Records contained in a dataset
☆ ☆ ☆ ☆ ☆
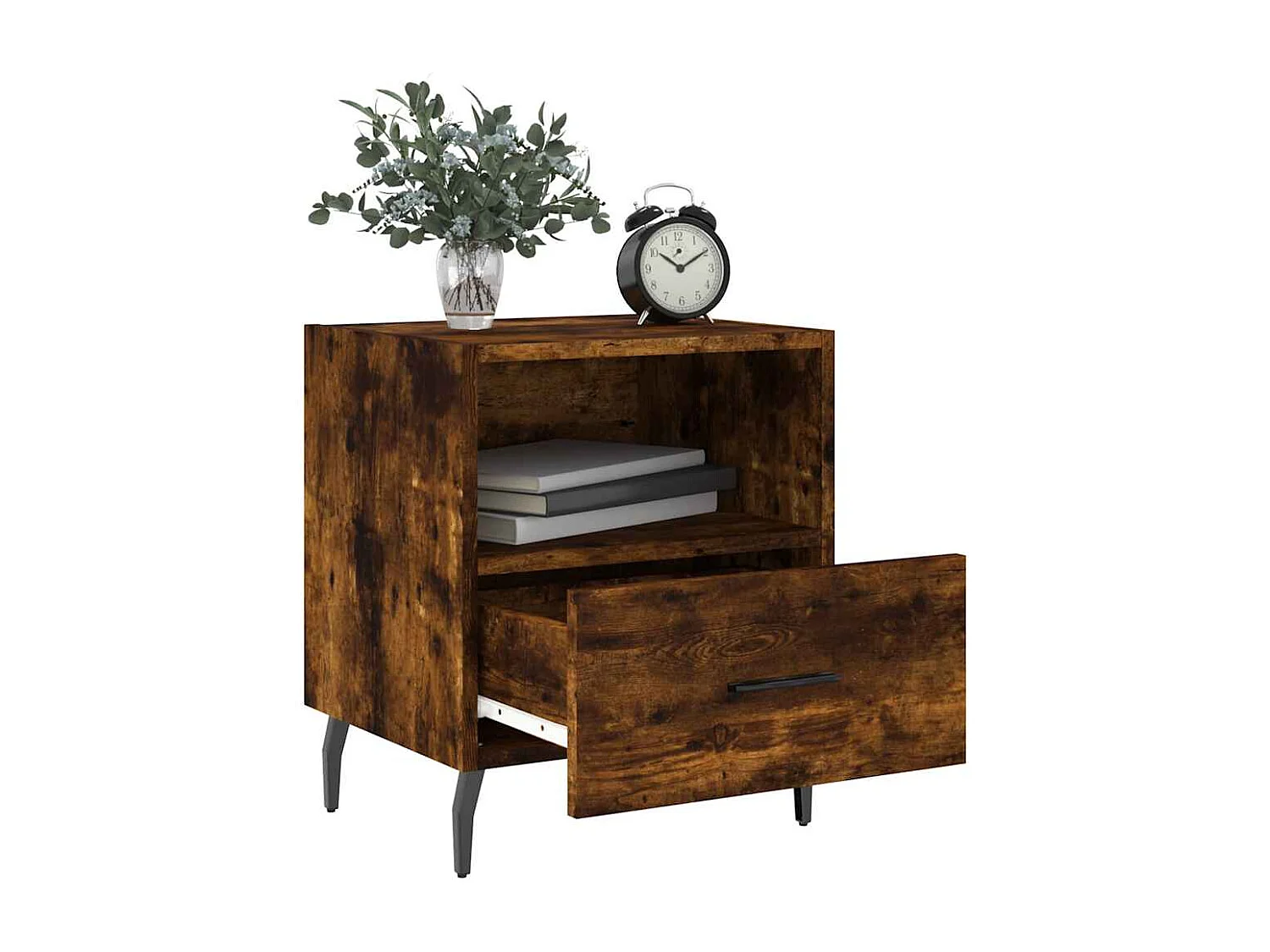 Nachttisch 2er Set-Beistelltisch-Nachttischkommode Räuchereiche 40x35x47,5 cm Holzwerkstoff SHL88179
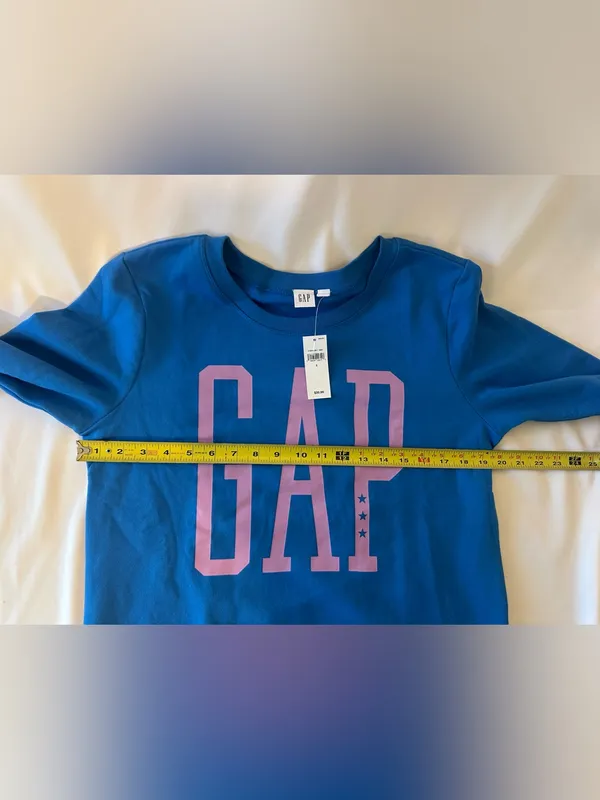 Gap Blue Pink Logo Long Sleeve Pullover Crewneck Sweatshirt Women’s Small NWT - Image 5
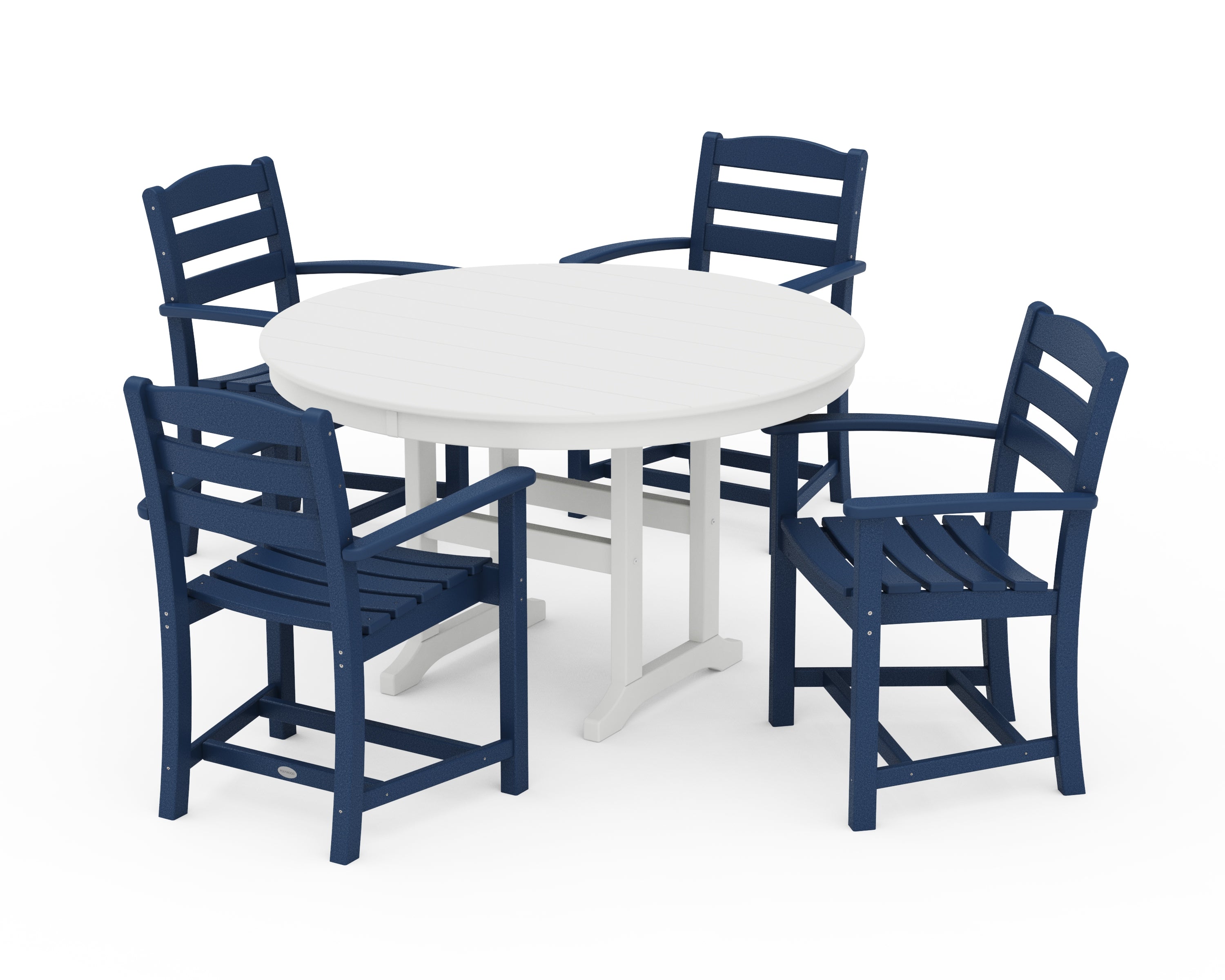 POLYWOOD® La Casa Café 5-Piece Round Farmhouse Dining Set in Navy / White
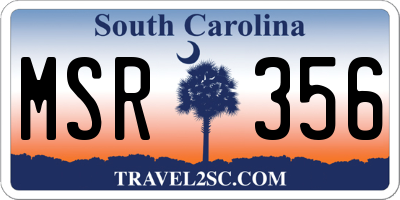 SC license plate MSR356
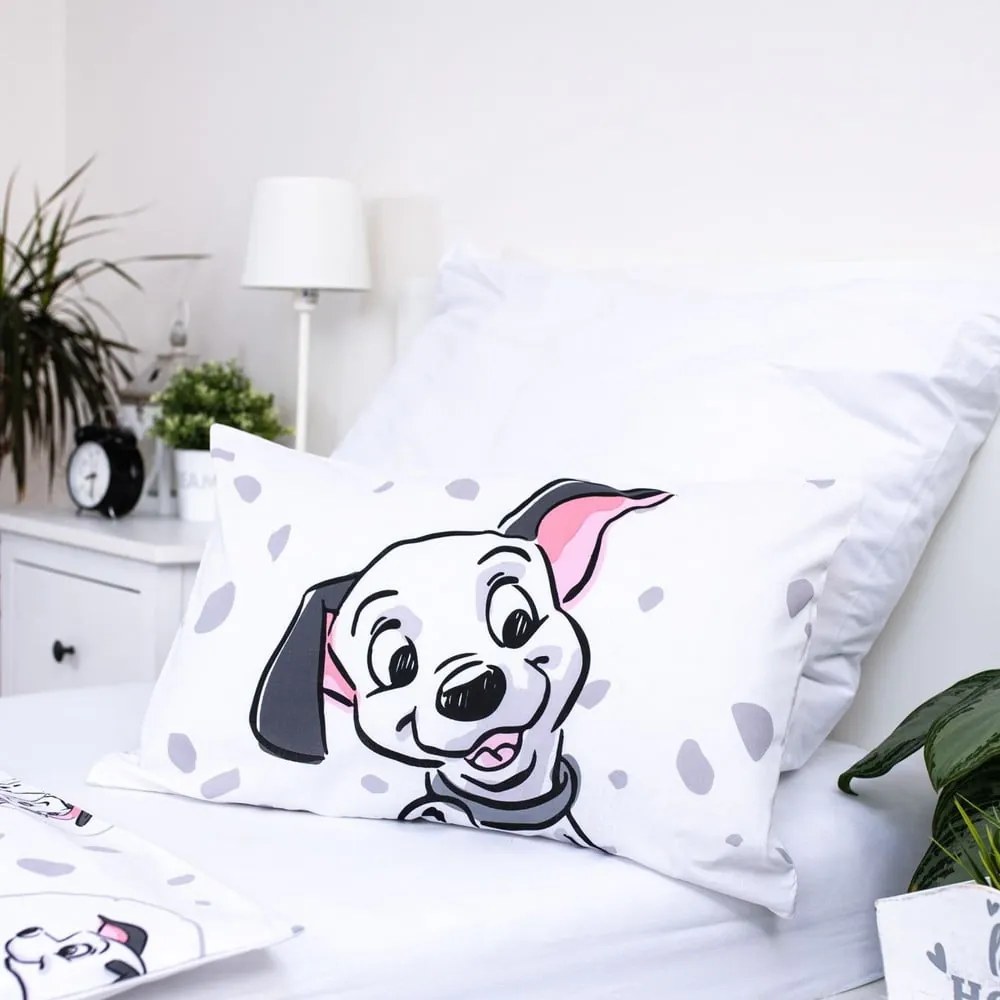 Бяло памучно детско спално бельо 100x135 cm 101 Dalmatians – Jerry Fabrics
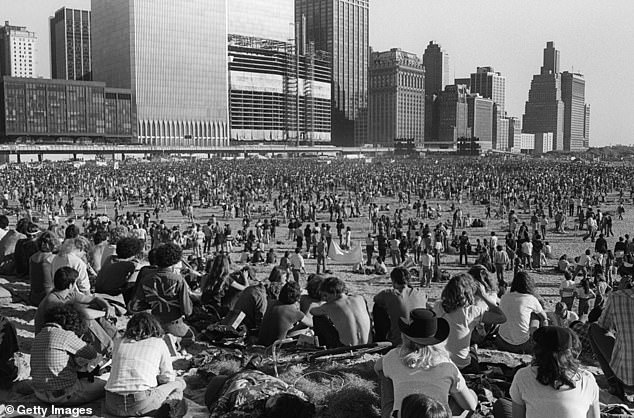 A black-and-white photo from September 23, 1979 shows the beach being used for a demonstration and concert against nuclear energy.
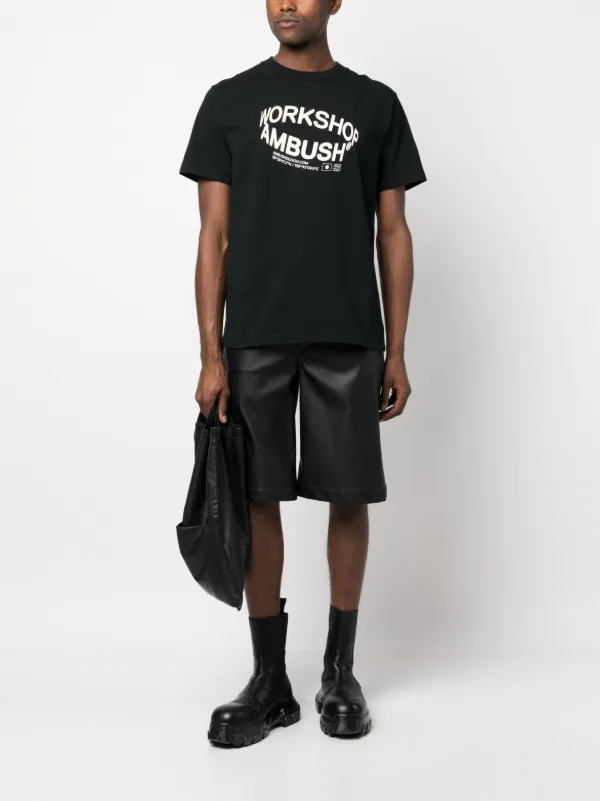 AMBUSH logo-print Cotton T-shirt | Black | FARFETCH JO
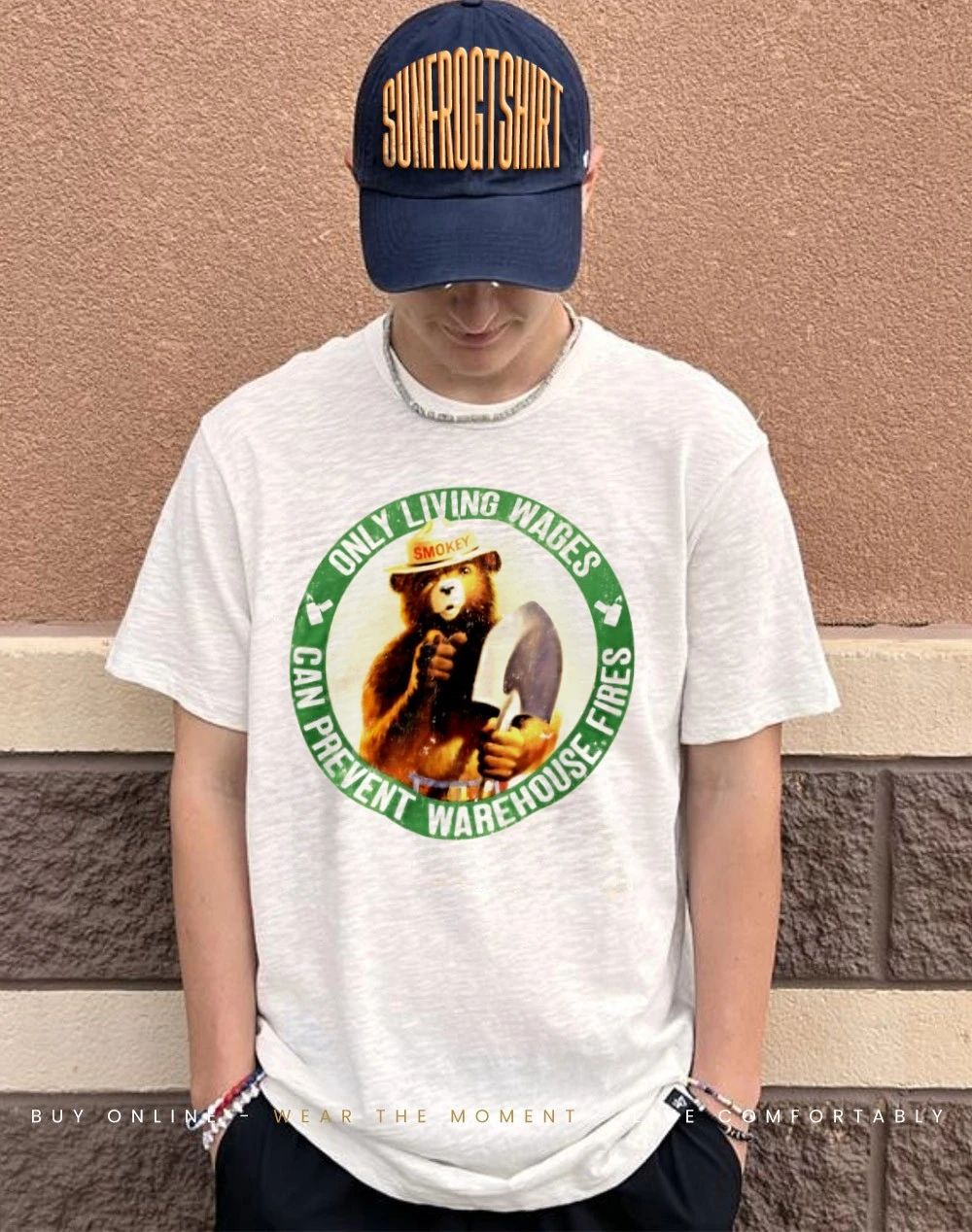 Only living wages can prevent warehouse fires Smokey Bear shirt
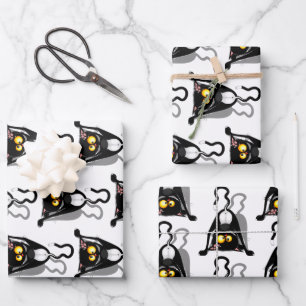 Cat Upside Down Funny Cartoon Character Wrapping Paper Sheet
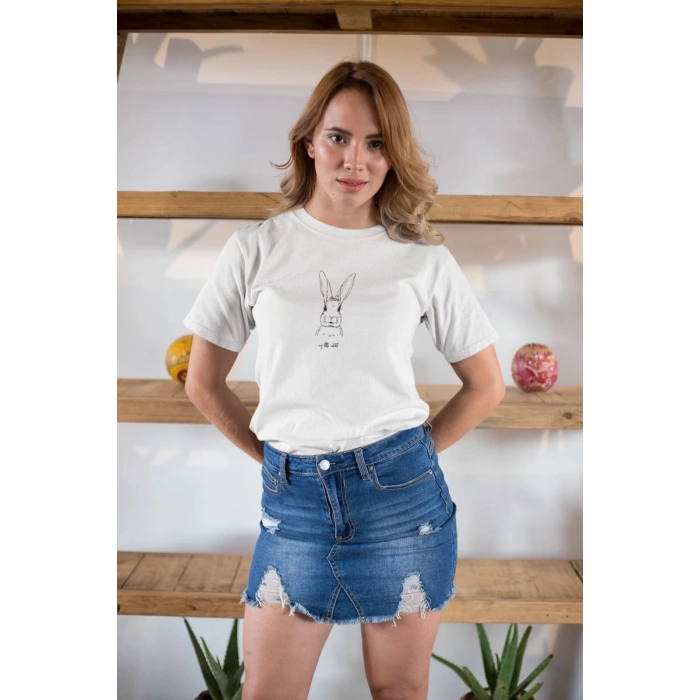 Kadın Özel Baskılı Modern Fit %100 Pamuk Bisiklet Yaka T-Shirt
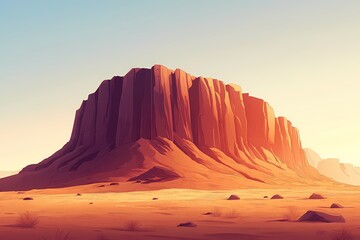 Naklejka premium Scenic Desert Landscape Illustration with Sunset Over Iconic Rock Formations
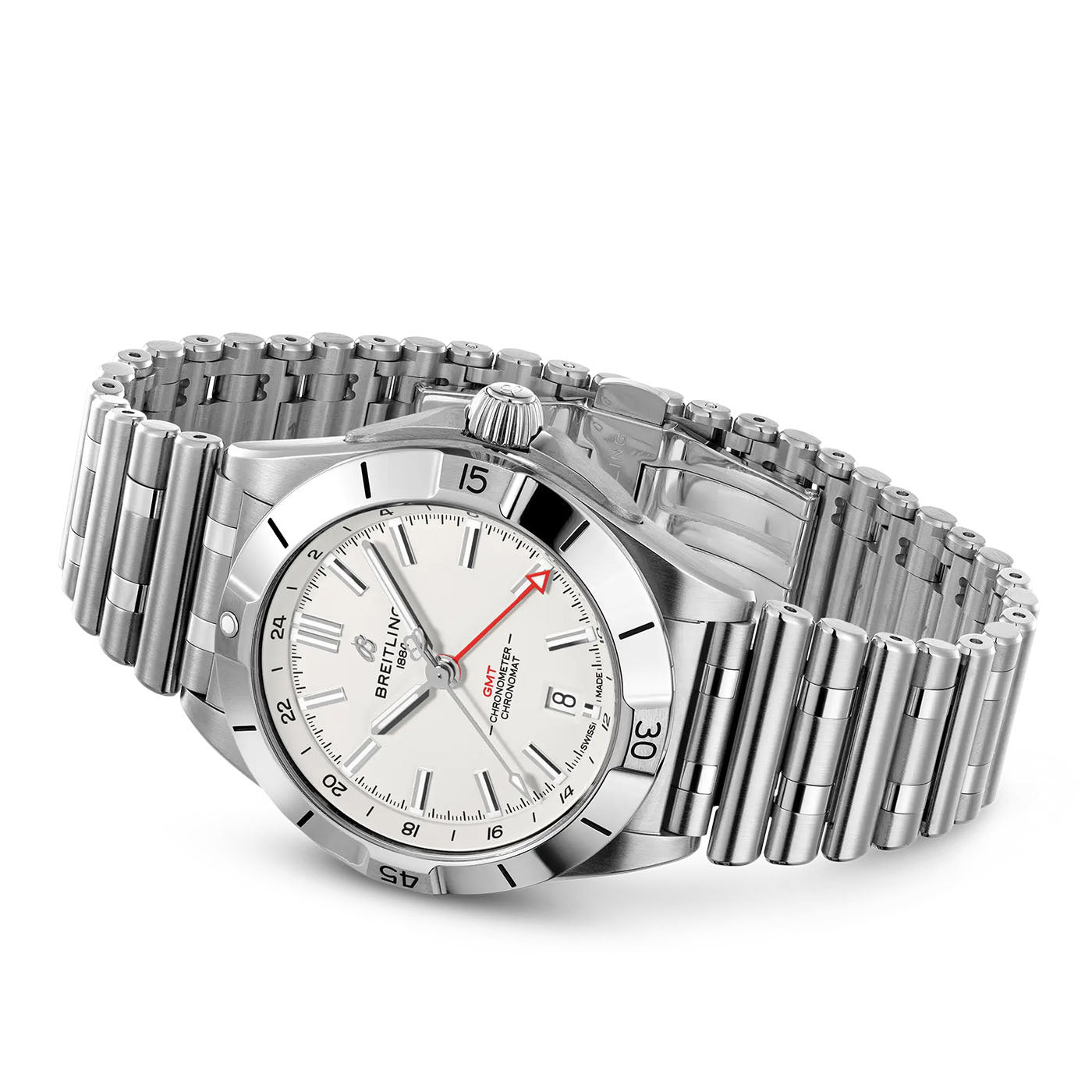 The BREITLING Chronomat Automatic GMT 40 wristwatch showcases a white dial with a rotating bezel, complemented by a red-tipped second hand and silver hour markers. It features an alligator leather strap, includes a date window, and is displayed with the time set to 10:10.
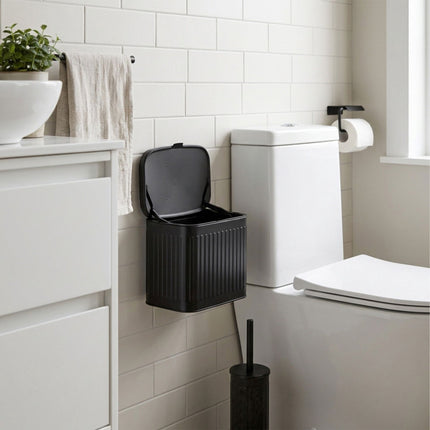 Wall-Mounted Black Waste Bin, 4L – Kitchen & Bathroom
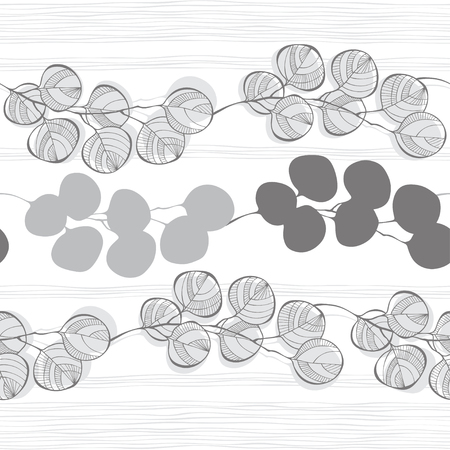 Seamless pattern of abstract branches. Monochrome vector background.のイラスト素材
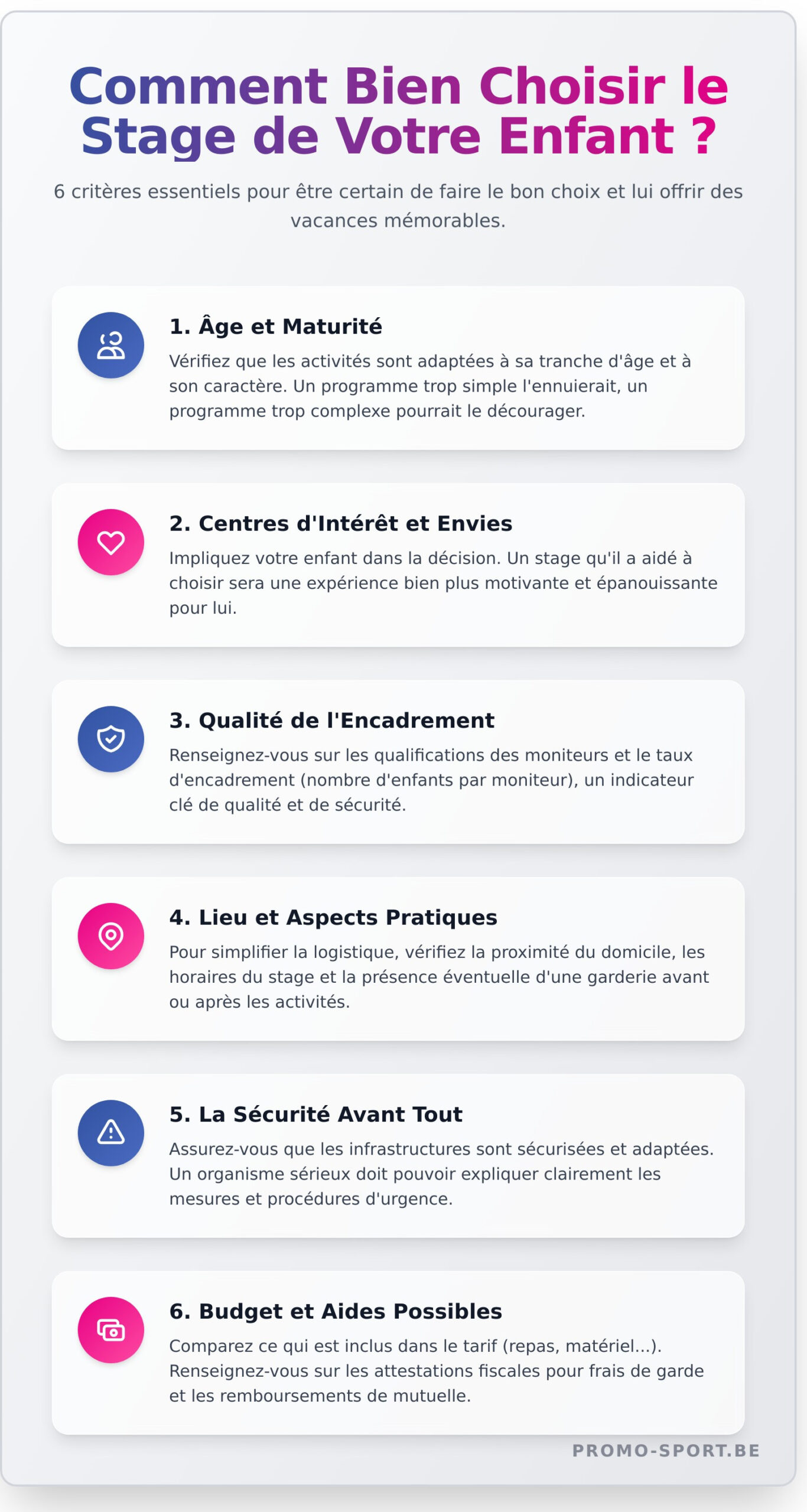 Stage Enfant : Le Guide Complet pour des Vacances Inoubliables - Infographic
☆ ☆ ☆ ☆ ☆
> **PROBLEM STATEMENT**
How would the lines above read from the one with "Only living wages" to the one with "Wall-Mounted Black Waste", inclusive, with no pictures? Write them out exactly.

> **OUTPUT OF THE TASK**
 Only living wages can prevent warehouse fires Smokey Bear shirt
 Cat Upside Down Funny Cartoon Character Wrapping Paper Sheet
 Kadın Özel Baskılı Modern Fit %100 Pamuk Bisiklet Yaka T-Shirt
 Naklejka premium Scenic Desert Landscape Illustration with Sunset Over Iconic Rock Formations
 The BREITLING Chronomat Automatic GMT 40 wristwatch showcases a white dial with a rotating bezel, complemented by a red-tipped second hand and silver hour markers. It features an alligator leather strap, includes a date window, and is displayed with the time set to 10:10.
 Wall-Mounted Black Waste Bin, 4L – Kitchen & Bathroom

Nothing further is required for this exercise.